A Phenotype in HGVbaseG2P is a reported characteristic or trait of interest, such as blood pressure. Phenotype information is organized into three sub-components: the 'Phenotype Property' which represent the concept of the trait under study, the 'Phenotype Method' which describes how the Phenotype Property was measured, and the 'Phenotype Value' which is a particular observation/result produced by measuring the Phenotype Property. Schemalet examples of this are available at the PaGE-OM website.
This system is very straightforward to use for the representation of ordinal or nominal Phenotype Values. To solve the problem of presenting quantitative Phenotype Values in a group of individuals (i.e., a Sample Panel or an Assayed Panel), HGVbaseG2P stores various statistics that define the group's distribution (e.g., mean, max, min, standard deviation). HGVbaseG2P does not store Phenotype information for single individuals.

What is a Marker

In HGVbaseG2P we define a Marker as: "A DNA sequence for which identical or highly similar instances exist at one or more locations in a genome. Markers are typically used as the basis for designing an experimental assay for detection of those instances of that sequence". The range of Markers available in HGVbaseG2P is extensive, including the complete Marker content from other public depositories such as dbSNP, UniSTS, and DBGV.

What is a Genotype?

In HGVbaseG2P we define a Genotype as: "A qualitative or quantitative combination of alleles of one or more Markers or DNA regions, implied (by the result of running a genotyping assay) to be resident at one or more positions in the genome of a tested DNA sample". This definition thus focuses on the genotyping result and not absolute reality, i.e., detected genotypes may not always reflect the true status of the genome, since some assays are flawed in their design or application, and some DNA samples may be inaccurately genotyped.
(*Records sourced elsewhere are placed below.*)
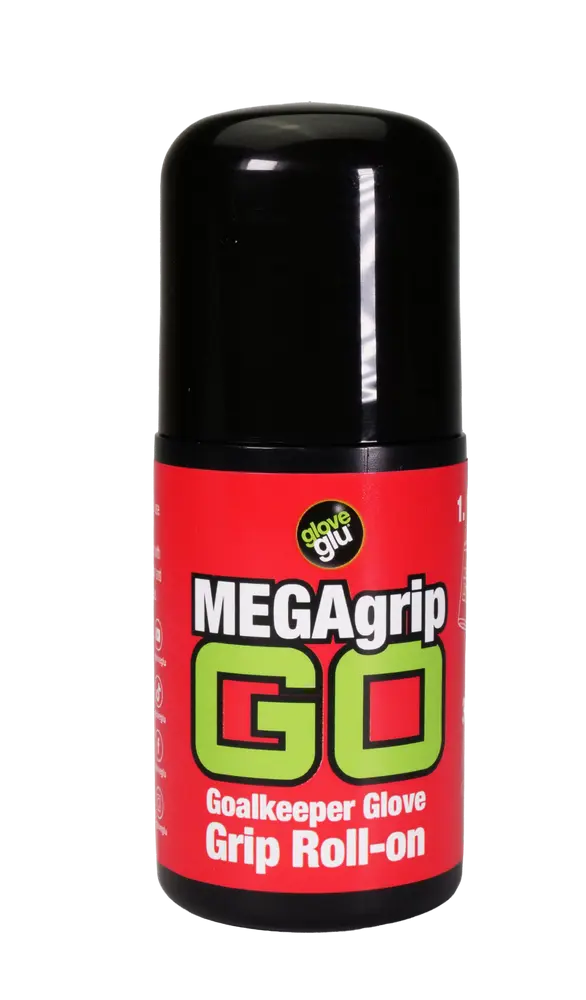 Glove Glu MEGAgrip GO
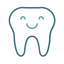 Dental Companion icon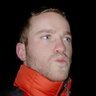 Cory Fitzpatrick Photo 8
This definition also allows for haplotype genotypes, MarkerSet genotypes (composite Marker signals), and genotype classes that are something other than simple presence/absence detections. Specifically, we must also cater for copy-number variation and somatic variation, which implies quantitative and ratio genotypes will need to be supported. A new HGVbaseG2P Nomenclature System for genotypes has been devised, to help manage these various complexities.

What is an Allele?

In HGVbaseG2P we define an Allele as: "A specific version of a set of different sequence alternatives of a Marker or DNA region resident at one or more locations in a genome". To minimise confusion when referring to Alleles, HGVbaseG2P always presents Alleles in the context of their immediate flanking DNA sequences, and a new HGVbaseG2P Nomenclature System for Alleles has been devised.